→ **ASSIGNED TASK**
Of the records that follow, copy only the lines from the line containing "If at any time" to the line containing "A huge concern", both included, exactly as written.
::: EXTRACTED RECORDS :::
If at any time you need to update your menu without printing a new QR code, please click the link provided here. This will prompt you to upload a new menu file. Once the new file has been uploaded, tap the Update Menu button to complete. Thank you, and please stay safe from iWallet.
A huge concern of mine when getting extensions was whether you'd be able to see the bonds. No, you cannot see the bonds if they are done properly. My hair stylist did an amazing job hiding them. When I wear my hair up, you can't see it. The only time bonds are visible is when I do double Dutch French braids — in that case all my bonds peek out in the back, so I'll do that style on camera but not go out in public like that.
:::
::: EXTRACTED RECORDS :::
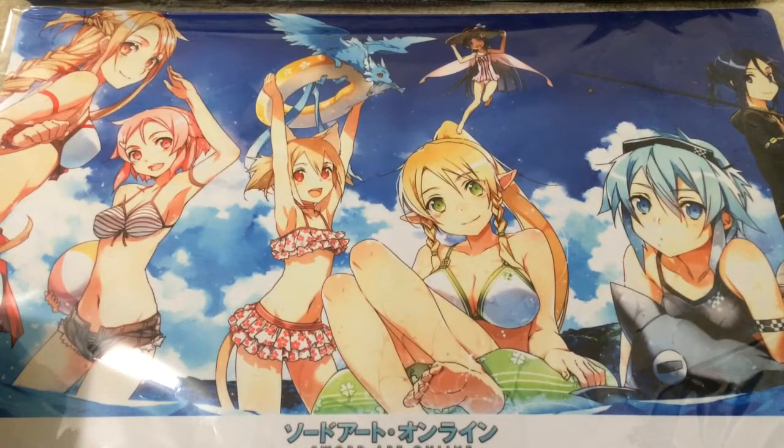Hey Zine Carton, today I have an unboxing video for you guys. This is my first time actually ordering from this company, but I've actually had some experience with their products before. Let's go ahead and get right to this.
:::
::: EXTRACTED RECORDS :::
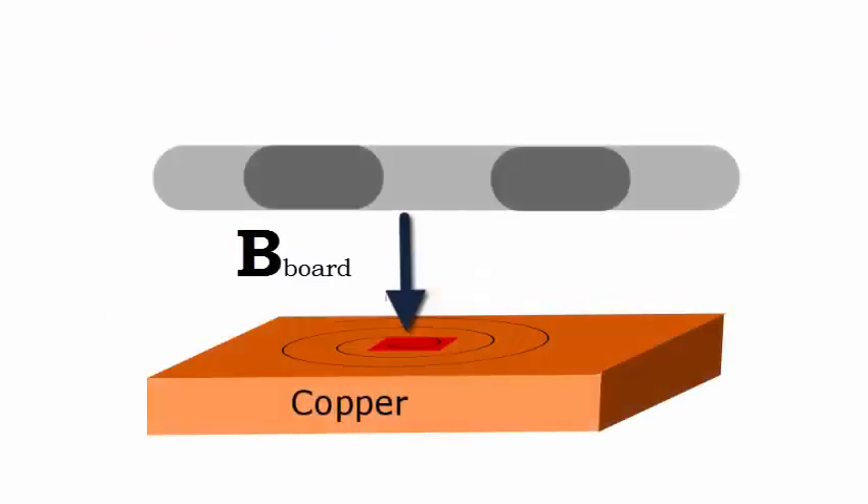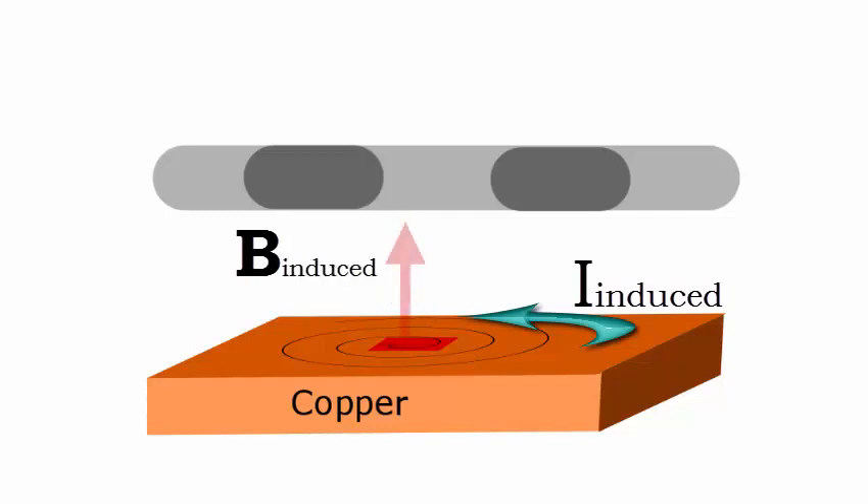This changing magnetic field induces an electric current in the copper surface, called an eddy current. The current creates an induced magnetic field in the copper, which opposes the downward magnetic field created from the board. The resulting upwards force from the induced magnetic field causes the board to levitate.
:::
→ **FINISHED EXERCISE**
If at any time you need to update your menu without printing a new QR code, please click the link provided here. This will prompt you to upload a new menu file. Once the new file has been uploaded, tap the Update Menu button to complete. Thank you, and please stay safe from iWallet.
A huge concern of mine when getting extensions was whether you'd be able to see the bonds. No, you cannot see the bonds if they are done properly. My hair stylist did an amazing job hiding them. When I wear my hair up, you can't see it. The only time bonds are visible is when I do double Dutch French braids — in that case all my bonds peek out in the back, so I'll do that style on camera but not go out in public like that.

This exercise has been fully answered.